/---
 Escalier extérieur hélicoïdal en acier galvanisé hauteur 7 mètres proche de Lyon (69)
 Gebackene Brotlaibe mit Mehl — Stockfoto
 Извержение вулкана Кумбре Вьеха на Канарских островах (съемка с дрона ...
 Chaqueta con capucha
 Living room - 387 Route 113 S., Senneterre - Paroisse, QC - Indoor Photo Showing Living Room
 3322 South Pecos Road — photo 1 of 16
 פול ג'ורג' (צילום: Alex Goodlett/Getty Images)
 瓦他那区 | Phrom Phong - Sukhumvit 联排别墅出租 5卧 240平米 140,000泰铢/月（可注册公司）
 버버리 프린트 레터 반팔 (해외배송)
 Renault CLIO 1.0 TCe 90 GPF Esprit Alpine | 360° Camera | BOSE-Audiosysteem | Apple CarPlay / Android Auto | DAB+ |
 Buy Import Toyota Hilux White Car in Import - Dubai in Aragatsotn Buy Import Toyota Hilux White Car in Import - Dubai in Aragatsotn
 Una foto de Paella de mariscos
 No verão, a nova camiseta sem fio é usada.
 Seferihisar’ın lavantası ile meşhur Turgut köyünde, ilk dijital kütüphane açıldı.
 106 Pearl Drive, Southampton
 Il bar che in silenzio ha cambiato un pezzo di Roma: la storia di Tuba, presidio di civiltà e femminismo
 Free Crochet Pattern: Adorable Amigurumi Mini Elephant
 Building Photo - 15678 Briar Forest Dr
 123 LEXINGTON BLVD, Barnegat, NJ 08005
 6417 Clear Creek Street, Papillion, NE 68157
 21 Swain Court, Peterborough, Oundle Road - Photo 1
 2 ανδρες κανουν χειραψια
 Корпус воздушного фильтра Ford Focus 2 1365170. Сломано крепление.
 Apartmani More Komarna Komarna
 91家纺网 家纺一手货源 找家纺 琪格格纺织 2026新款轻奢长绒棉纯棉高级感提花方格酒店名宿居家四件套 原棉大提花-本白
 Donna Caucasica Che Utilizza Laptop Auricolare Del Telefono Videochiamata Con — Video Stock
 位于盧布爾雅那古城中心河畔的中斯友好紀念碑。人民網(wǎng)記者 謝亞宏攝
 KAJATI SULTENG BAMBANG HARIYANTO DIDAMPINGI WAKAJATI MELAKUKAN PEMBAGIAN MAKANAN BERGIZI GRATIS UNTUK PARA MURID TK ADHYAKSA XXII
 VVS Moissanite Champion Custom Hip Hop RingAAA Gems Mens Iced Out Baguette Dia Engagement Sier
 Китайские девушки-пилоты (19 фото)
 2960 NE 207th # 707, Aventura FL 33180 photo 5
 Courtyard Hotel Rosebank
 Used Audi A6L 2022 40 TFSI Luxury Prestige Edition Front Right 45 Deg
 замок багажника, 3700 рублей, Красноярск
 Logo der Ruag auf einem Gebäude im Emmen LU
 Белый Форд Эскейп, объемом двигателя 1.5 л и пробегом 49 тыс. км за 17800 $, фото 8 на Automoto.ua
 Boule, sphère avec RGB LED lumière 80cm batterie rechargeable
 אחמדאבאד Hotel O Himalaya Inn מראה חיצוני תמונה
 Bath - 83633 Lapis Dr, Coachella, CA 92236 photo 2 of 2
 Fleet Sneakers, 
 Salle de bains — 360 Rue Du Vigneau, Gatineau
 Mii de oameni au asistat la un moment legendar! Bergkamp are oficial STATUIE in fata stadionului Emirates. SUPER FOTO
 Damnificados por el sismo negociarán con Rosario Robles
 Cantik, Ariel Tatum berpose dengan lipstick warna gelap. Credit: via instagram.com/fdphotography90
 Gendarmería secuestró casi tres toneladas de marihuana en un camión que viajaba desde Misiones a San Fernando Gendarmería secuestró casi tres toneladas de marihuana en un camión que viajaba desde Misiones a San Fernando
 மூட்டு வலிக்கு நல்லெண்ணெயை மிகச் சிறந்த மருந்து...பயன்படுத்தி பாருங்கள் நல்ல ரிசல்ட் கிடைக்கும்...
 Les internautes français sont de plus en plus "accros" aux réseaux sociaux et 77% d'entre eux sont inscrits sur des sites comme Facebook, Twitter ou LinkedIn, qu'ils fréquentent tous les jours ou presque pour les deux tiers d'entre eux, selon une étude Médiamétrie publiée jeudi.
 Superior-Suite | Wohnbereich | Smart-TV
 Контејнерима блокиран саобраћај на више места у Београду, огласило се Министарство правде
\---
§ TASK:
From the first line to the last, please quote the material above exactly.

§ SOLUTION FOR THIS TASK:
 Escalier extérieur hélicoïdal en acier galvanisé hauteur 7 mètres proche de Lyon (69)
 Gebackene Brotlaibe mit Mehl — Stockfoto
 Извержение вулкана Кумбре Вьеха на Канарских островах (съемка с дрона ...
 Chaqueta con capucha
 Living room - 387 Route 113 S., Senneterre - Paroisse, QC - Indoor Photo Showing Living Room
 3322 South Pecos Road — photo 1 of 16
 פול ג'ורג' (צילום: Alex Goodlett/Getty Images)
 瓦他那区 | Phrom Phong - Sukhumvit 联排别墅出租 5卧 240平米 140,000泰铢/月（可注册公司）
 버버리 프린트 레터 반팔 (해외배송)
 Renault CLIO 1.0 TCe 90 GPF Esprit Alpine | 360° Camera | BOSE-Audiosysteem | Apple CarPlay / Android Auto | DAB+ |
 Buy Import Toyota Hilux White Car in Import - Dubai in Aragatsotn Buy Import Toyota Hilux White Car in Import - Dubai in Aragatsotn
 Una foto de Paella de mariscos
 No verão, a nova camiseta sem fio é usada.
 Seferihisar’ın lavantası ile meşhur Turgut köyünde, ilk dijital kütüphane açıldı.
 106 Pearl Drive, Southampton
 Il bar che in silenzio ha cambiato un pezzo di Roma: la storia di Tuba, presidio di civiltà e femminismo
 Free Crochet Pattern: Adorable Amigurumi Mini Elephant
 Building Photo - 15678 Briar Forest Dr
 123 LEXINGTON BLVD, Barnegat, NJ 08005
 6417 Clear Creek Street, Papillion, NE 68157
 21 Swain Court, Peterborough, Oundle Road - Photo 1
 2 ανδρες κανουν χειραψια
 Корпус воздушного фильтра Ford Focus 2 1365170. Сломано крепление.
 Apartmani More Komarna Komarna
 91家纺网 家纺一手货源 找家纺 琪格格纺织 2026新款轻奢长绒棉纯棉高级感提花方格酒店名宿居家四件套 原棉大提花-本白
 Donna Caucasica Che Utilizza Laptop Auricolare Del Telefono Videochiamata Con — Video Stock
 位于盧布爾雅那古城中心河畔的中斯友好紀念碑。人民網(wǎng)記者 謝亞宏攝
 KAJATI SULTENG BAMBANG HARIYANTO DIDAMPINGI WAKAJATI MELAKUKAN PEMBAGIAN MAKANAN BERGIZI GRATIS UNTUK PARA MURID TK ADHYAKSA XXII
 VVS Moissanite Champion Custom Hip Hop RingAAA Gems Mens Iced Out Baguette Dia Engagement Sier
 Китайские девушки-пилоты (19 фото)
 2960 NE 207th # 707, Aventura FL 33180 photo 5
 Courtyard Hotel Rosebank
 Used Audi A6L 2022 40 TFSI Luxury Prestige Edition Front Right 45 Deg
 замок багажника, 3700 рублей, Красноярск
 Logo der Ruag auf einem Gebäude im Emmen LU
 Белый Форд Эскейп, объемом двигателя 1.5 л и пробегом 49 тыс. км за 17800 $, фото 8 на Automoto.ua
 Boule, sphère avec RGB LED lumière 80cm batterie rechargeable
 אחמדאבאד Hotel O Himalaya Inn מראה חיצוני תמונה
 Bath - 83633 Lapis Dr, Coachella, CA 92236 photo 2 of 2
 Fleet Sneakers, 
 Salle de bains — 360 Rue Du Vigneau, Gatineau
 Mii de oameni au asistat la un moment legendar! Bergkamp are oficial STATUIE in fata stadionului Emirates. SUPER FOTO
 Damnificados por el sismo negociarán con Rosario Robles
 Cantik, Ariel Tatum berpose dengan lipstick warna gelap. Credit: via instagram.com/fdphotography90
 Gendarmería secuestró casi tres toneladas de marihuana en un camión que viajaba desde Misiones a San Fernando Gendarmería secuestró casi tres toneladas de marihuana en un camión que viajaba desde Misiones a San Fernando
 மூட்டு வலிக்கு நல்லெண்ணெயை மிகச் சிறந்த மருந்து...பயன்படுத்தி பாருங்கள் நல்ல ரிசல்ட் கிடைக்கும்...
 Les internautes français sont de plus en plus "accros" aux réseaux sociaux et 77% d'entre eux sont inscrits sur des sites comme Facebook, Twitter ou LinkedIn, qu'ils fréquentent tous les jours ou presque pour les deux tiers d'entre eux, selon une étude Médiamétrie publiée jeudi.
 Superior-Suite | Wohnbereich | Smart-TV
 Контејнерима блокиран саобраћај на више места у Београду, огласило се Министарство правде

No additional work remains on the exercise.